Like most states, Minnesota has a three-tier system for distributing alcoholic beverages – the manufacturer sells to a wholesaler who sells to a retailer. Minnesota allows local wineries to apply for a farm winery license, which permits the holder to sell direct to both retailers and consumers.  The catch is that the winery must use more than 50% of its grape juice from grapes produced in Minnesota.  A winery may obtain a one-year dispensation from this requirement if it certifies that sufficient supplies of Minnesota grapes are impossible to obtain.

Two farm wineries sued the Minnesota Commissioner of Public Safety, who enforces the statute, alleging that it violates the dormant commerce clause by discriminating against out-of-state grape juice. The District Court granted the Commissioner’s motion for summary judgment.  The Court acknowledged that the statute caused plaintiffs injury in fact, because it interfered with their ability to expand their businesses.  But it reasoned that, if plaintiffs wanted to use more out-of-state grapes, they could apply for a wine manufacturing license, which imposes no such limitation.  Thus, the injury they sustained was the product of their own voluntary business decision.  The catch, however, is that a wine manufacturer must use the three-tier distribution system.  It cannot sell directly to either retailers or consumers.

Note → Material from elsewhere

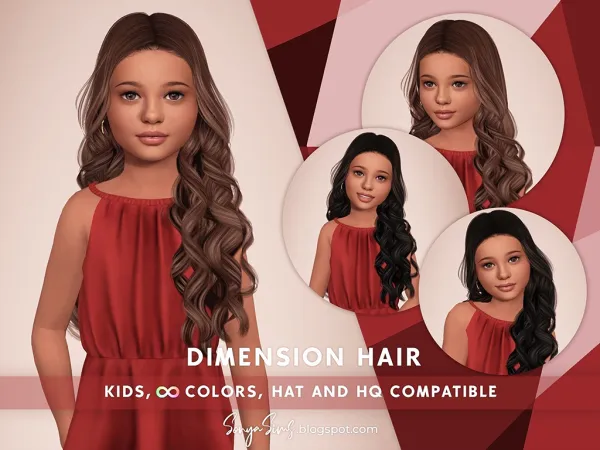 Alpha DIMENSION HAIR kIDS - The Sims 4 Custom Content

Plaintiffs appealed. They argued that the District Court’s finding that the statute interfered with plaintiffs’ fiscal planning in and of itself established that the injury was fairly traceable to the statute.  According to plaintiffs, the District Court’s holding would force them to operate a different business than the one they prefer to.  They want to operate as farm wineries, due to the efficiencies in distribution that status allows, but the statute prevents them from doing so unless they use a majority of Minnesota grapes.  This theory, they assert, would allow states to discriminate against out-of-state commerce with impunity by authorizing an alternative, less desirable way of doing business.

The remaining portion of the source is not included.